Amit Yoran, president, RSA

This year marked a strategic shift from a maniacal focus on prevention, toward greater balance on monitoring, detection, and response capabilities. It's become cliché to say that breaches are inevitable and that faster detection and more accurate incident scoping are the way forward.

2015 saw continued acceleration of threat evolution. What was considered an “advanced” threat in years past has become a commodity today, with sophisticated malware and exploits available for the price of a movie ticket. As troublesome as these observations seem, the most impactful evolution goes almost entirely unreported and misunderstood. The threats that matter most, today's pervasive threat actors are now conducting attack campaigns comprised of multiple exploit methods and multiple backdoors to assure persistence. Incomplete incident scoping has become a critical and consistent mistake made by security teams.

This year was also notably characterized by security vendors claiming to be able to prevent advanced threat breaches when the reality is, they can't. It was characterized by organizations recognizing the need to monitor and defend their digital environments differently, but continuing to center their security programs on the same technologies and approaches they have been using – hoping for a different outcome, but not acting differently.

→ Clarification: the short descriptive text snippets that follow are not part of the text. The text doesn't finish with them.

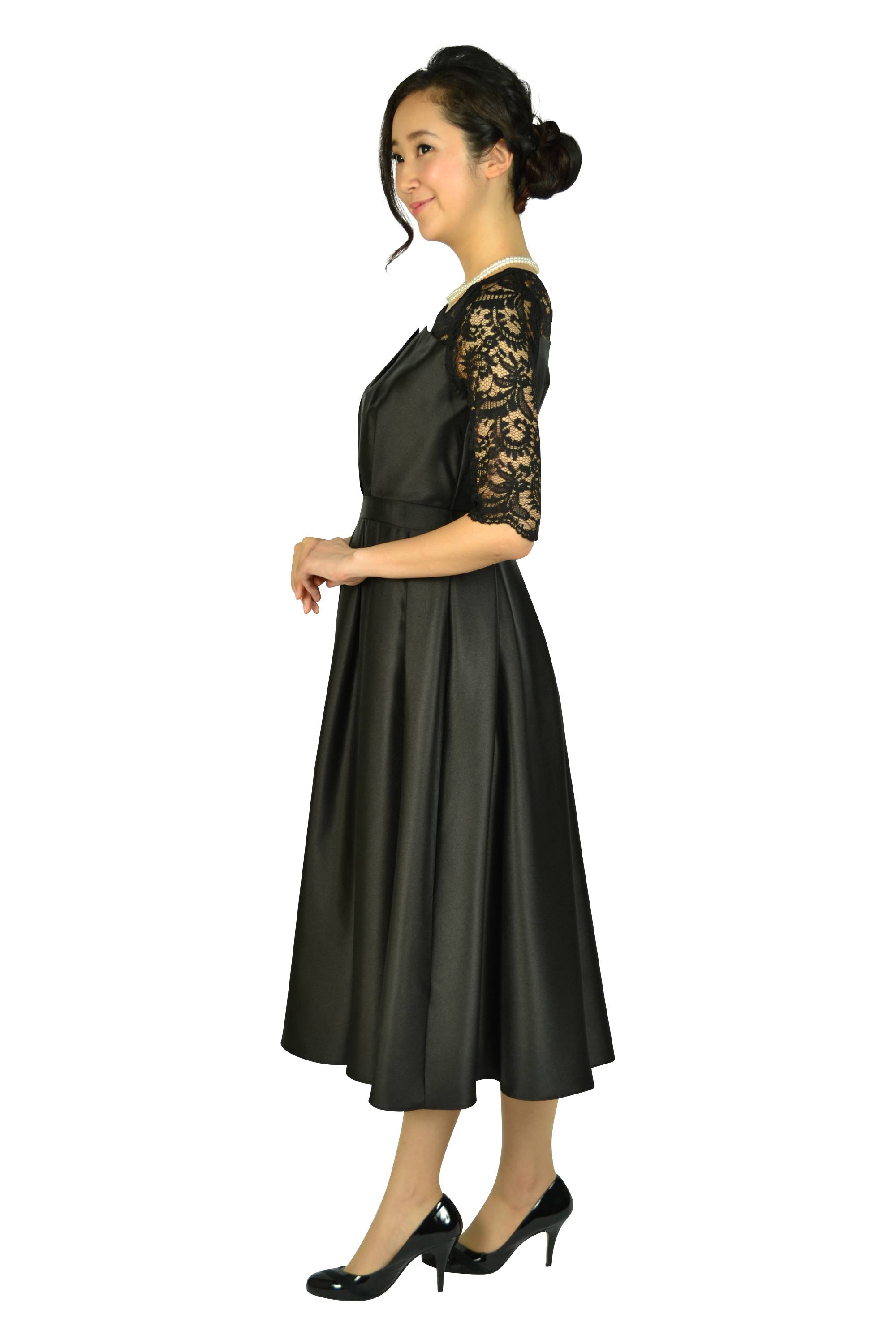 5分袖レースミディ丈ブラックドレス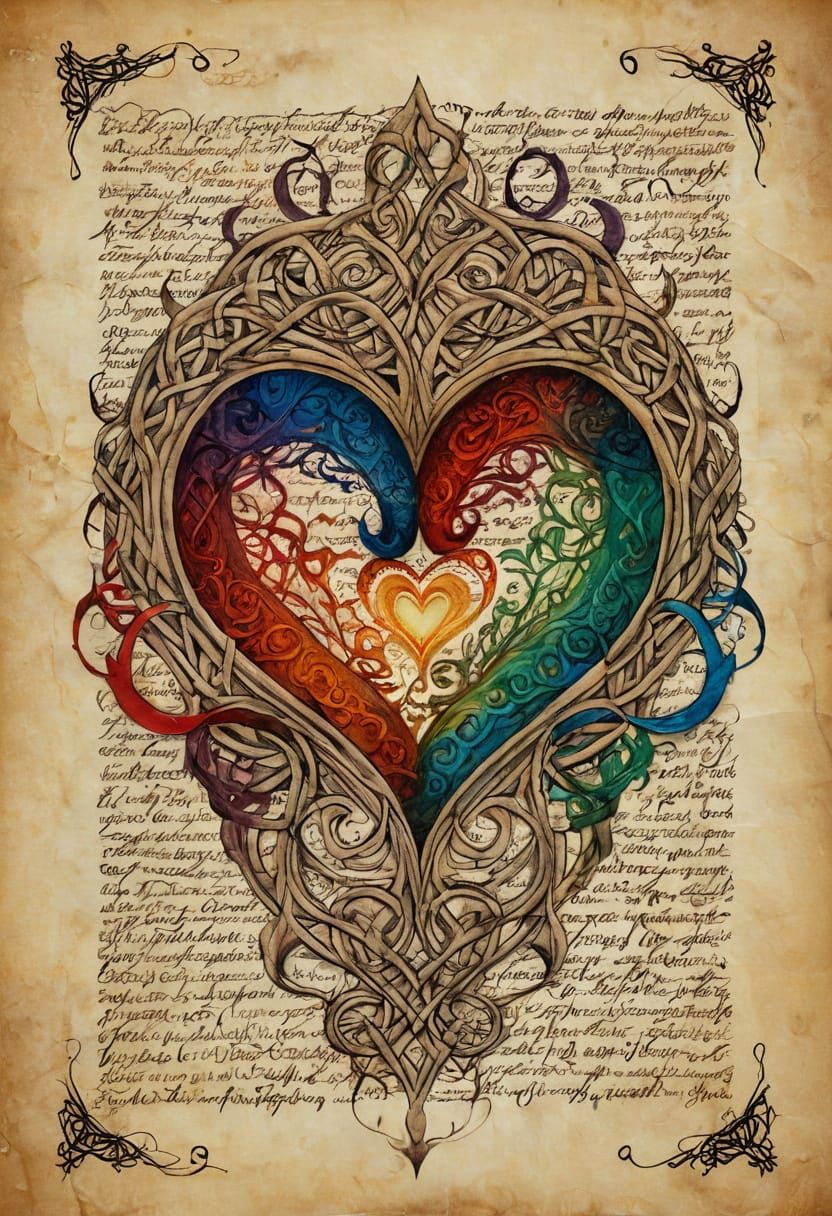 Hearts Entwined in Ancient Gothic Calligraphy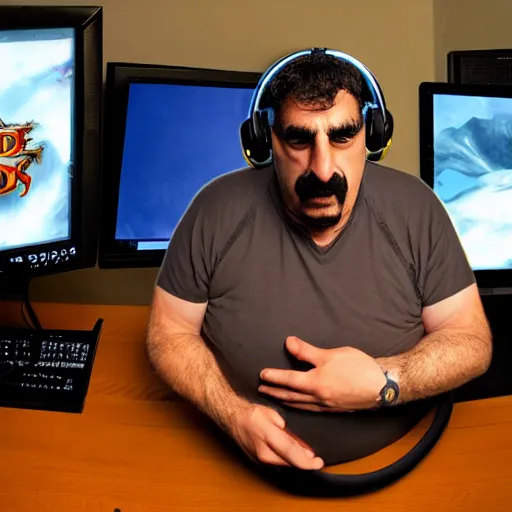 Image similar to obese Frank Zappa wearing a headset yelling at his monitor while playing WoW highly detailed wide angle lens 10:9 aspect ration award winning photography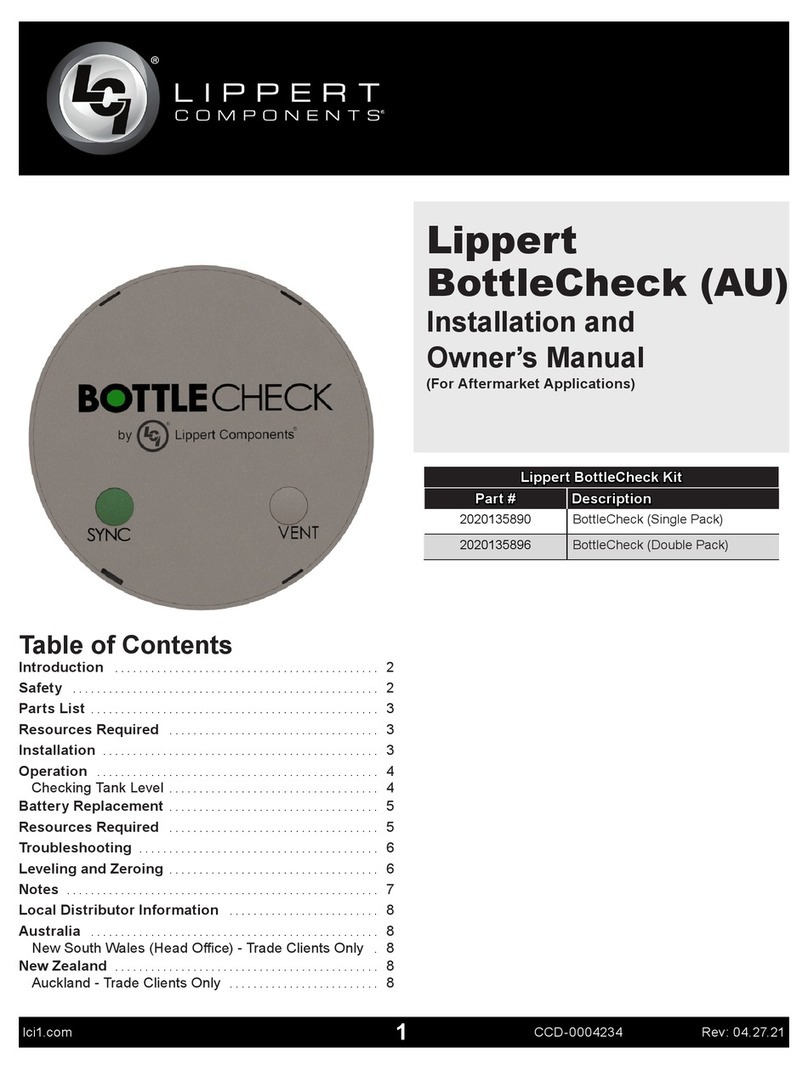 LCI Lippert BottleCheck Installation and owner's manual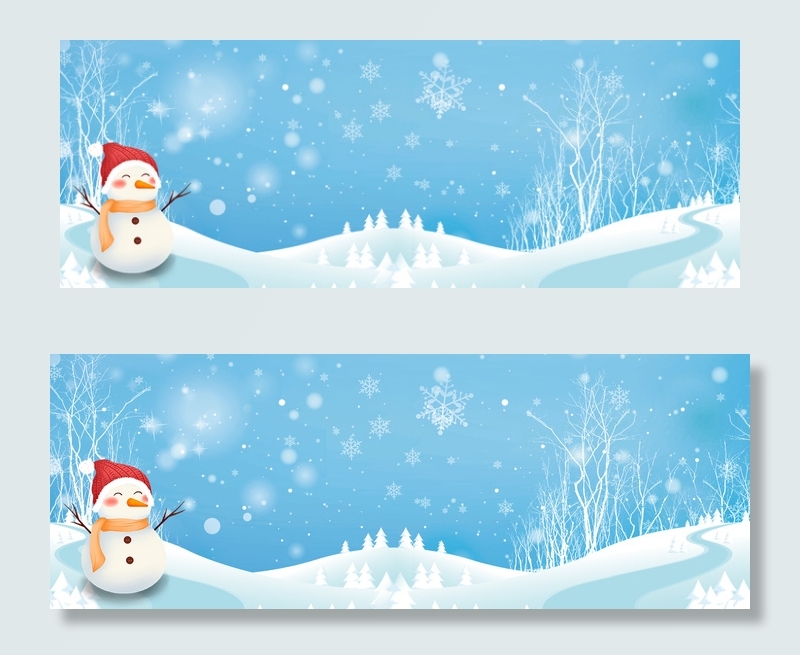 十二月你好清新蓝色海报背景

Here are some of the emerging trends that our industry and organizations need to be ready for in 2016:

  1. Strategic data manipulation and disruption: Organizations will begin to realize that not only is their data being accessed inappropriately, but that it is being tampered with. Data drives decision making for people and computer systems. When that data is unknowingly manipulated, those decisions will be made based on false data. Consider the potentially devastating consequences of misrepresented data on the mixing of compounds, control systems, and manufacturing processes.
  2. Increasing attacks on application service providers: As organizations become more comfortable with the “as a service” model, many of their most sensitive applications and data reside in the cloud. The aggregation of this valuable data from many companies creates an incredibly lucrative target for cybercriminals and cyberespionage. A deeper appreciation of third party risk is needed.
  3. Hacktivism and the attack surface: Per my earlier comment, as cyberattack tools and services become increasingly commoditized; the cost of attacking an organization is dropping dramatically, enabling more attacks that do not have financial gain as the primary focus. Sophisticated hacktivist collectives like Anonymous have been joined by relatively unsophisticated cybervigilantes. Organizations need to realize that financial gain is no longer the only or even the biggest driver of some of their adversaries. Security operations and risk managers should evolve their understanding not only of the threat, but also of what, why, where, and how they are being targeted.
  4. ICS (industrial control systems) pushed to the breaking point: Intrusions into systems that control operations in the chemical, electrical, water, and transport sectors have increased 17-fold over the last three years. The advent of connected and automated sensors aggressively exacerbates these issues. The growth in the use of cybertechnology for terrorism, hacktivists and other actors, combined with the weakness of ICS security generally, combined with the potential impact of bringing down a power facility or water treatment plant (hello, California), makes the critical breach of an ICS in 2016 extremely concerning and increasingly likely.
  5. Shake-out of the security industry: Our industry has been awash in venture capital and as a result, foolish investments have been made in strategies and technologies that are little more than snake oil. As organizations' security programs continue to mature, they are learning that claims of being able to prevent advanced threat breaches are nothing more than fantasy. Expect to see a shake-out in the security industry as organizations maturing understanding of advanced threats increasingly drives their security investment decisions.

Special thanks to the RSA Conference advisory board for contributions from Wendy Nather, Benjamin Jun, Herbert “Hugh” Thompson, Dmitri Alperovitch, and Todd Inskeep. And to all our contributors, thank you.